Exercise goal
Below are some records; quote exactly the lines from the one that contains "Image 75 of" through the one that contains "Amer Fort Road Hotel | Travellers Village", inclusive, and no others.

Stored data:
※

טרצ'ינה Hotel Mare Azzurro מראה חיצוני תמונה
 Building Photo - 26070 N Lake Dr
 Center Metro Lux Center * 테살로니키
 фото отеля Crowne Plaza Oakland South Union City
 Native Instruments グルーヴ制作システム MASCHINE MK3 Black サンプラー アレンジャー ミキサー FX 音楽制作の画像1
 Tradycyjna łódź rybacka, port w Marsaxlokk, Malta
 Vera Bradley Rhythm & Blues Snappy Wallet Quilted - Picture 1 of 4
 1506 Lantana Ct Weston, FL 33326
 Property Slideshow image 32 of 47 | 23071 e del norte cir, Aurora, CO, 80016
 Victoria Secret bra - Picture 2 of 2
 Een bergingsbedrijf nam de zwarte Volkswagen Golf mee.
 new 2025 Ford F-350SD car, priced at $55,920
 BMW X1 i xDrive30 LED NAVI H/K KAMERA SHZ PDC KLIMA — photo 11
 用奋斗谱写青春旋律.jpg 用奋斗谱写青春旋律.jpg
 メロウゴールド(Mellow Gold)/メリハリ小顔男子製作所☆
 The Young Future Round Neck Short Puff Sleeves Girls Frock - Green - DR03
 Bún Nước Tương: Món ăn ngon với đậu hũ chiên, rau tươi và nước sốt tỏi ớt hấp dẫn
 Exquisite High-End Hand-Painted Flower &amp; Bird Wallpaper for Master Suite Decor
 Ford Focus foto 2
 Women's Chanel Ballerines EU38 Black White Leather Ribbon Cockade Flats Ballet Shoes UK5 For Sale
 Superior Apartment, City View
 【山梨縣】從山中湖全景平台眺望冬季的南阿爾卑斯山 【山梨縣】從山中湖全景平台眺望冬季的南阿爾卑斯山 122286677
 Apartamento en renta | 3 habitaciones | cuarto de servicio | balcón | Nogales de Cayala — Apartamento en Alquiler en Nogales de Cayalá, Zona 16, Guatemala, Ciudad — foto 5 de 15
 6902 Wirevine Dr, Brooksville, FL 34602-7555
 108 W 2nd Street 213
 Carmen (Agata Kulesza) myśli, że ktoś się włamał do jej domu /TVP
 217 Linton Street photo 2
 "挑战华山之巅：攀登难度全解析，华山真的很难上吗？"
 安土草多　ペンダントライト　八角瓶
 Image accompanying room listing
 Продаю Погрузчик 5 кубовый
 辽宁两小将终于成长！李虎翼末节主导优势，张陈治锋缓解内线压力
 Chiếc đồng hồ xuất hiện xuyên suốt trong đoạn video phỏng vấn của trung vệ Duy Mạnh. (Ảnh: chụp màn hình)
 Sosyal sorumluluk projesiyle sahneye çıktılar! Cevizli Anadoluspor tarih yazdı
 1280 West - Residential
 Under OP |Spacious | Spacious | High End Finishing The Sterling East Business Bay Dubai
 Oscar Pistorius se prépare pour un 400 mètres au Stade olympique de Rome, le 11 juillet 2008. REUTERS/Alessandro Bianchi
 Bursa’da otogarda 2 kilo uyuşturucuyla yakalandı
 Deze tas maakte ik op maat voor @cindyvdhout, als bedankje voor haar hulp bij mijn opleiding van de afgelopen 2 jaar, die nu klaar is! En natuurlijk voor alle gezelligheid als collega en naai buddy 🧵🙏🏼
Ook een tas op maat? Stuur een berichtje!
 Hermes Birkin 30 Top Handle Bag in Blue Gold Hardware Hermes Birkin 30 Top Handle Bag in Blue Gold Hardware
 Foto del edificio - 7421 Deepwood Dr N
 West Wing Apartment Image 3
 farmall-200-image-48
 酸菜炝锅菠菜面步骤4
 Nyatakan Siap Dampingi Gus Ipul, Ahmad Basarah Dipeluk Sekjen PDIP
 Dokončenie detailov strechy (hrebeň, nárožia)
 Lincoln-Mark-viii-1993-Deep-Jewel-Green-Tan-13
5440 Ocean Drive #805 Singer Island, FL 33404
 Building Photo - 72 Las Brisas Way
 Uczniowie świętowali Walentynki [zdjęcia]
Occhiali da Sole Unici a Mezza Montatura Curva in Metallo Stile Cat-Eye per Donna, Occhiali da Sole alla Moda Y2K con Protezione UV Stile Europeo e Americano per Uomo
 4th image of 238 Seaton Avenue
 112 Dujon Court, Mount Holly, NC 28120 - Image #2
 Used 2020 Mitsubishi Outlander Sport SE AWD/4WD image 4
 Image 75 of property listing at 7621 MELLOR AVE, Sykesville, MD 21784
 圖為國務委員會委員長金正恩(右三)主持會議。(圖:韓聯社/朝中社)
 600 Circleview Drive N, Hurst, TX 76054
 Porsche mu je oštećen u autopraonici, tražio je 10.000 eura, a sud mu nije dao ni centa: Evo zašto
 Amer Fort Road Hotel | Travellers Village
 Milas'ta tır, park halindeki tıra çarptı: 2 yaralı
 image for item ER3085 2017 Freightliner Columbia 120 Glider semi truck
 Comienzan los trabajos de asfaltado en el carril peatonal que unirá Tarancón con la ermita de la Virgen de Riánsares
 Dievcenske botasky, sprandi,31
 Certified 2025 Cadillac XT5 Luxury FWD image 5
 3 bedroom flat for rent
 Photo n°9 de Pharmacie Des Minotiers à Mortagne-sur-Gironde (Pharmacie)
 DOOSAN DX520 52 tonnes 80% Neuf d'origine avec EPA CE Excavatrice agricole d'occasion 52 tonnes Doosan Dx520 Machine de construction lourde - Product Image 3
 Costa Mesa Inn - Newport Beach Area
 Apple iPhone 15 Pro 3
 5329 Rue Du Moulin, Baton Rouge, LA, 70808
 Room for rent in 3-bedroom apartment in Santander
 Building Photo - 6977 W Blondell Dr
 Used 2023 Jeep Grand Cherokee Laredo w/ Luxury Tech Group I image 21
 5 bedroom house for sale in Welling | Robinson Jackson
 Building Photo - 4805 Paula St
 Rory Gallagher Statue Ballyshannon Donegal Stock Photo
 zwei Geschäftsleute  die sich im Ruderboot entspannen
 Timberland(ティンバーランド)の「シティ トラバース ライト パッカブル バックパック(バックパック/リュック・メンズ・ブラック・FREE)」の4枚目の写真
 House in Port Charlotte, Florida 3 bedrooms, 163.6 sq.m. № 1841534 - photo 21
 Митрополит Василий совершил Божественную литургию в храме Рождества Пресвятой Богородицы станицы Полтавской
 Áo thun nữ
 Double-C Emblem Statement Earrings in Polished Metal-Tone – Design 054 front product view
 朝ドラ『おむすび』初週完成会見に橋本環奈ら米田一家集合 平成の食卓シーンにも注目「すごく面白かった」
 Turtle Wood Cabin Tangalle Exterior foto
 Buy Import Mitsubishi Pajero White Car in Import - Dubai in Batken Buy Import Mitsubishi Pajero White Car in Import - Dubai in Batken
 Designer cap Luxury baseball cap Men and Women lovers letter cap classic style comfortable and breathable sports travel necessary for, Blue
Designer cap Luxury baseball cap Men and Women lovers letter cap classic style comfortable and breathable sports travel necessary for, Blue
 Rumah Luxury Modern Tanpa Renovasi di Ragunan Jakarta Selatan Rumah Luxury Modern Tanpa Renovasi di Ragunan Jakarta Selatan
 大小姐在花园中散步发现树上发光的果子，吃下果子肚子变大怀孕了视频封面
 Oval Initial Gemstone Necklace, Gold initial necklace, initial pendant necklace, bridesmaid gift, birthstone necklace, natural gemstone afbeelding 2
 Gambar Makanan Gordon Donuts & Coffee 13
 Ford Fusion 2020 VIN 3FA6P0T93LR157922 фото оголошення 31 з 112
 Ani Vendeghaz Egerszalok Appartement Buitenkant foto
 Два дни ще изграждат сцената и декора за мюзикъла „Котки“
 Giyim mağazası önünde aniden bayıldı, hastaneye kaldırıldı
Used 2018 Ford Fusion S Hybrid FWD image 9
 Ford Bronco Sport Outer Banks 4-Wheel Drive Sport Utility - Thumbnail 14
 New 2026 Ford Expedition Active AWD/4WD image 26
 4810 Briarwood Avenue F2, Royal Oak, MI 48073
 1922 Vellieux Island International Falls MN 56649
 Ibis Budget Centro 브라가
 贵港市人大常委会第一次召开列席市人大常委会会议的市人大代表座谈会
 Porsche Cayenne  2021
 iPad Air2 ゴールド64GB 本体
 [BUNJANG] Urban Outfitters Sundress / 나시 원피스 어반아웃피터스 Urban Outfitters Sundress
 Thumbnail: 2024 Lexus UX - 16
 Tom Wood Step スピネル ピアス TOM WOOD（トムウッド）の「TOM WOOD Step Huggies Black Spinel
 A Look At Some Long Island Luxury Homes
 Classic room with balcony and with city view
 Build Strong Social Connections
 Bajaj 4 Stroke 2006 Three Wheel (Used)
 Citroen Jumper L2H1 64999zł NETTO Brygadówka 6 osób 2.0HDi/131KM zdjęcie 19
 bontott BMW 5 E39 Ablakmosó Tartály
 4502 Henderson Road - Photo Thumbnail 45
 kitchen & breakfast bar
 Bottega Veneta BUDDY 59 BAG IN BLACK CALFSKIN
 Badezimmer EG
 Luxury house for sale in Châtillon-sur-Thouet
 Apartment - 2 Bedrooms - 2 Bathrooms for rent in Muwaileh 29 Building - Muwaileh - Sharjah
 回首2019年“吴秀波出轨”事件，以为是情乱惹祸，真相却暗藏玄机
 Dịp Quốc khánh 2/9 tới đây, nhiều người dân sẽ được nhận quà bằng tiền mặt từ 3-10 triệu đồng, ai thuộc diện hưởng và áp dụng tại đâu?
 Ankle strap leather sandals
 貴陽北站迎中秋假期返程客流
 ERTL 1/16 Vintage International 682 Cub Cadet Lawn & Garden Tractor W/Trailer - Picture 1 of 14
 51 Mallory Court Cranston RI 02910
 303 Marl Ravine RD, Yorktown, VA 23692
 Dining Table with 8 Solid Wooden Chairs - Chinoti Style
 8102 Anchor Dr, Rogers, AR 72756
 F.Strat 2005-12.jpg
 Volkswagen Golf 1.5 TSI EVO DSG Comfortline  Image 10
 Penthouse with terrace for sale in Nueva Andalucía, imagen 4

※

Your solution
 Image 75 of property listing at 7621 MELLOR AVE, Sykesville, MD 21784
 圖為國務委員會委員長金正恩(右三)主持會議。(圖:韓聯社/朝中社)
 600 Circleview Drive N, Hurst, TX 76054
 Porsche mu je oštećen u autopraonici, tražio je 10.000 eura, a sud mu nije dao ni centa: Evo zašto
 Amer Fort Road Hotel | Travellers Village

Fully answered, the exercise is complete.